By using fact, $$p + q + r = 1$$
write r in terms of p and q
$$r = 1 - p - q$$
Substitute this value of r in $$P = 2pq + 2pr + 2rq$$, then it becomes
$$P = P(p, q) = 2(1 - p - q)q + 2(1 - p - q) p + 2pq$$
$$P(p, q) = 2p - 2p^{2} + 2q - 2q^{2} - 2pq$$
As p, q, r is the proportion of species it ranges from 0 to 1.

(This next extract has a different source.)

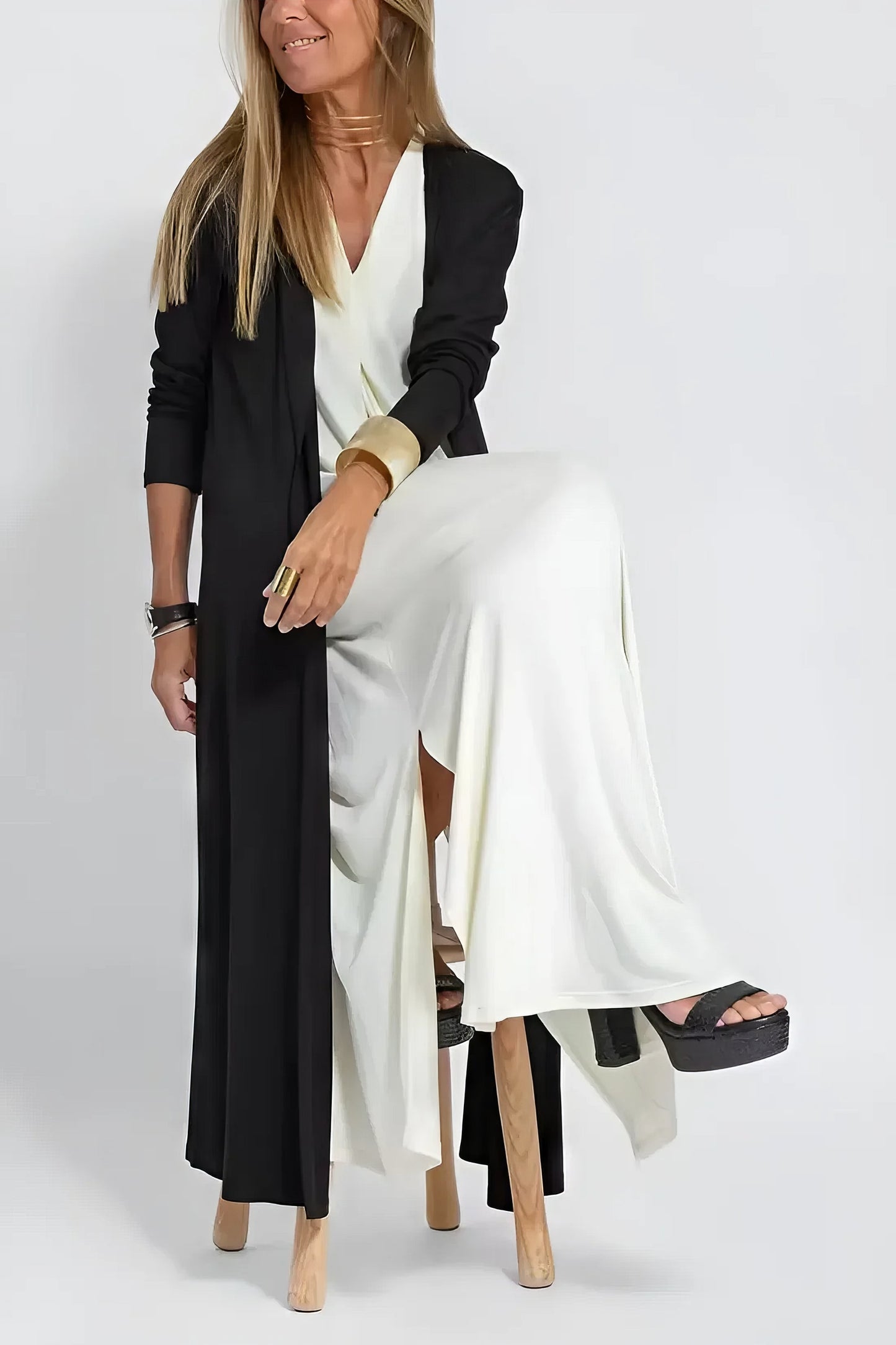 ELISE | Elegant Long Dress with Matching Cardigan Free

Therefore, $$p \geq 0, q \geq 0, 1 - p - q \geq 0$$ this implies
$$p + q \leq 1$$
Therefore, domain of P is
$$D = {(p, q) 0 \leq p \leq 1, q \leq 1 - p}$$ which is closed set
bounded by lines $$p = 0, q = 0 and p + q = 1.$$
Now to find critical points, consider equation
$$P(p, q) = 2p - 2p^{2} + 2q - 2q^{2} - 2pq$$
Differentiating P partially with respect to p,
$$P_{p}(p, q) = 2 - 4p - 2q$$
Differentiating P partially with respect to q,
$$P_{q}(p, q) = 2 - 4q - 2p$$
Setting partial derivatives equal to 0, obtain the equations,
$$2 - 4p - 2q = 0\text{ and }2 - 4q - 2p = 0$$
Therefore,
$$2p + q = 1\text{ and } p + 2q = 1$$
Solving these system of equations,
$$p + 2(1 - 2p) = 1$$
$$p = \frac{1}{3}$$
Substitute $$p = \frac{1}{3}\text{ in }2p + q = 1$$
$$q =1 - 2(\frac{1}{3}) = \frac{1}{3}$$
Thus the critical point is $$(\frac{1}{3}, \frac{1}{3})$$
Therefore,
$$p(\frac{1}{3}, \frac{1}{3}) = 2(\frac{1}{3}) - 2(\frac{1}{3})^{2} + 2(\frac{1}{3}) - 2(\frac{1}{3})^{2} - 2(\frac{1}{3})(\frac{1}{3})$$
$$=\frac{4}{1} - \frac{6}{9} = \frac{12-6}{9} = \frac{6}{9} = \frac{2}{3}$$
$$p(\frac{1}{3}, \frac{1}{3}) = \frac{2}{3}$$
Now find values of P on the boundary of D consisting three lines.
Along the line $$p = 0$$, q ranges between 0 and 1 that is
$$0 \leq q \leq 1.$$
Therefore, $$P(0, q) = 2q - 2q^{2}$$
Which represents downward parabola with maximum value at vertex $$(0, \frac{1}{2})$$
$$P(\frac{1}{2}, 0) = 2(\frac{1}{2}) - 2(\frac{1}{2})^{2} + 2(0) - 2(0)^2 - 2(0)(\frac{1}{2}) = \frac{1}{2}$$
Therefore,
$$P(0, \frac{1}{2}) = \frac{1}{2}$$
Similarly, along the line $$q = 0$$,
p ranges between 0 and 1 that is $$0 \leq p \leq 1.$$
Therefore, $$P(p, 0) = 2p - 2p^{2}$$
Which represents downward parabola with maximum value at vertex $$(\frac{1}{2}, 0)$$
$$P(\frac{1}{2}, 0) = 2(0) - 2(0)^{2} + 2(\frac{1}{2}) - 2(\frac{1}{2})^{2} - 2(0)(\frac{1}{2}) = \frac{1}{2}$$
Therefore,
$$P(\frac{1}{2}, 0) = \frac{1}{2}$$
Also along line $$p + q = 1$$
where $$0 \leq p \leq 1,$$
$$P(p, q) = P(p, 1 - p) = 2p - 2p^{2} + 2(1 - p) - 2(1 - p)^{2} - 2p(1 - p)$$
$$= 2p - 2p^{2} + 2 - 2p - 2 + 4p - 2p^{2} - 2p + 2p^{2}, 0 \leq p \leq 1$$
$$P(p, 1 - p) = 2p - 2p^{2}$$
Which is downward parabola whose vertex is at $$(\frac{1}{2}, \frac{1}{2})$$
Therefore, maximum value is
$$P(\frac{1}{2}, \frac{1}{2}) = 2(\frac{1}{2}) - 2(\frac{1}{2})^{2} = \frac{1}{2}$$
Therefore, comparing all values at boundary with value of P at the critical point
The absolute maximum value of P(p, q) on D is $$\frac{2}{3}.$$
Therefore, the maximum value of P is $$\frac{2}{3}.$$
Conclusion:
The maximum value of P is $$\frac{2}{3}$$.